11 février 2009 - Seul le prononcé fait foi
Entretien de M. Nicolas Sarkozy, Président de la République, dans "Gulf Daily News" et "Akhbar Al Khalij" du 11 février 2009, sur les relations franco-bahreïniennes et sur la situation au Proche-Orient.
Q - Que représente pour vous cette visite à Bahreïn ? Quelle est l'importance de la relation franco-bahreïnienne ?
R - C'est la troisième fois en un an que je vais avoir le plaisir de m'entretenir avec Sa Majesté le Roi Hamad, en découvrant, cette fois-ci, un pays que je ne connais pas mais que je me réjouis de découvrir. Je souhaite que cette visite soit l'occasion d'approfondir encore le dialogue entre nos deux pays. Bahreïn est pour la France un partenaire précieux dans la région, avec qui nous partageons une grande proximité de vues. Dans une région où les tensions sont nombreuses, le Royaume est la fois une force de modération et de proposition, et porte souvent des idées originales, pragmatiques et concrètes. Je pense par exemple à sa proposition de créer une organisation régionale pour la paix au Moyen-Orient, qui rassemblerait l'ensemble des pays de la région. La France y est très favorable, et l'actualité ne cesse d'en démontrer l'utilité.
Bahreïn, c'est aussi un modèle d'ouverture et de réformes, que ce soit dans le domaine politique - où le Royaume n'a pas craint d'être le premier pays au monde à se soumettre à l'examen périodique universel du Conseil des droits de l'Homme des Nations unies - ou dans le domaine de la bonne gouvernance financière, où ses règles prudentielles lui permettent d'amortir les effets de la crise financière.
Au cours des dernières années, les relations entre nos deux pays n'ont cessé de se renforcer et de se diversifier. Notre coopération s'est étendue à de nouveaux domaines, nous avons lancé de nouveaux projets, dont un qui me tient particulièrement à coeur : je veux parler de la création, au sein de la prestigieuse Université arabe du Golfe, de l'Ecole franco-arabe de management et de finance, qui est non seulement un projet de coopération en matière d'éducation et de formation, mais qui est également un vecteur de rapprochement économique et culturel. Et je me réjouis que cette école, qui a vocation à rayonner dans toute la région, rencontre déjà un grand succès.
Ma visite sera l'occasion d'aller plus loin encore dans la coopération entre nos deux pays puisque nous devrions signer des accords bilatéraux importants dans des domaines aussi divers que la coopération militaire, la formation médicale et l'énergie nucléaire.
Q - Quelle est le poids de la France dans l'économie bahreïnienne ?
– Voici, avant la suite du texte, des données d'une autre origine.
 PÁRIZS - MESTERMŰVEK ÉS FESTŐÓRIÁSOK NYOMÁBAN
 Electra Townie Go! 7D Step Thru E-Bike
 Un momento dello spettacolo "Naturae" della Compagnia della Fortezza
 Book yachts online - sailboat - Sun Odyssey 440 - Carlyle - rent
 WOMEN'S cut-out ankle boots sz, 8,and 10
R - Nos échanges ont fortement progressé en 2008. Nos exportations, par exemple, ont augmenté de près de 20%. 2008 aura aussi été marquée par la conclusion de grands contrats, comme la vente d'appareils Airbus à Gulf Air et Bahrain Air.
Tout aussi significatif est la confiance accordée par les entreprises françaises qui ont investi massivement et à très long terme dans les services publics du Royaume. Je pense bien sûr à GDF Suez, mais aussi à CNIM, qui construira une usine d'incinération de déchets qu'elle gérera pendant 25 ans. Au total il s'agit d'investissement de plusieurs centaines de millions d'euros et de transfert de technologies de pointe.
D'autres entreprises sont prêtes à investir dans le traitement des eaux, le transport et la distribution électrique. La France veut être un partenaire de Bahreïn dans sa politique de diversification économique et énergétique, y compris en répondant à son intérêt pour, à terme, l'électricité électro-nucléaire.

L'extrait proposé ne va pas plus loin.